Core ML On-Device Training, with Transfer Learning from Swift for TensorFlow Models

As a first small step towards a federated learning platform that supports mobile and wearable devices (in particular, devices within the Apple ecosystem) I’ve being developing a Swift library called SwiftCoreMLTools that mimics in Swift a subset of the functionalities of Apple’s CoreMLTools Python library.

To briefly give an overview of the library I’m working on…SwiftCoreMLTools exposes a DSL (function builder), as well as a classic API to declare Core ML models built from scratch as potentially re-trainable on device, and eventually importing weights from models trained on other frameworks.

The reasons I’ve being developing this library (which, by the way, is still in a very early stage) are fire, that I want to be able to simply interoperate, in some way, with Swift for TensorFlow on mobile devices, and to quickly export models and weights. Also, very importantly, I want to be able to create and train Core ML models on-demand, directly on devices.

You can find more specific info directly on this GitHub repo:

Continuation from a Previous Article

The SwiftCoreMLTools library basically attempts to simplify most of the tedious mechanisms described in my previous article “Swift loves TensorFlow and Core ML”, where I covered how it’s possible to directly use Core ML Protocol Buffer data structures to export a trained Swift for TensorFlow model in order to create and personalize a Core ML model directly on Apple devices:

In this article, I’ll show how this new library can simplify Core ML model creation in a slightly different scenario. I’m focusing on how to apply transfer learning, and specifically on how to reuse embedding representations trained for a previous model in a brand new model trained from scratch on Apple devices.

Transfer Learning

This machine learning technique has been very popular and successful in recent years in domains such as image classification and natural language modeling, but I’m using it here in a more general and simpler tabular data scenario.

It’s absolutely not my intention to venture into an introduction of ML concepts, such as transfer learning and categorical embedding. Just in case you need some background, I’d strongly suggest taking a look at this amazing article from fast.ai:

The tabular data we’re using here is a classical example of a multiple input scenario with some numerical features (a vector of floating point data) and some other categorical features.

In this context, the categorical features will be better learned by the model using an embedding layer for each of these feature. To very simply describe this mechanism, an embedding layer is a learnable lookup table that maps categorical variables in an approximation problem into a multi-dimensional Euclidean space.

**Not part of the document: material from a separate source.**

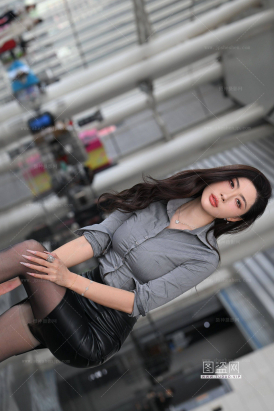 2593-5-117√叶濛雨这套衣服真好看【套图➕视频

Regarding transfer learning, usually this technique is used for fine tuning big pre-trained models to work for specialized use cases using limited training data. The goal of using transfer learning here is to simply train the model centrally once, to obtain this embedding representation, and then reuse the weights of these embedding layers in subsequent re-training on local models directly on devices.

For this specific use case (remember the long-running goal of implementing a complete federated learning infrastructure), the real reason we use transfer learning is that we want to maximize the privacy of the user, enabling us to train models on user-owned devices using only personal data that will never leave these devices.

When thinking about user privacy implications and the need to train models locally, it’s easy to understand that it’s impossible for the device model to successfully train a generalized embedding representation of categorical inputs using small amounts personal data generated by a single user. Some category values, for example, may be completely missing from a particular user’s data.

As illustrated in the diagram below, showing just the head of the two models, we’ll train this embedding representation once using Swift for TensorFlow (on Colab or any desktop or cloud environment you want) and reuse the weights from these embedding layers in the models we’re going to train directly on-device.

Data

In reality, the sample project I’m showing here (see at the end for the GitHub repo link) is an emulation of the general privacy-driven transfer learning approach described above. All the concepts are still valid, but I’ll use a simplified version of the approach using a small and very common dataset.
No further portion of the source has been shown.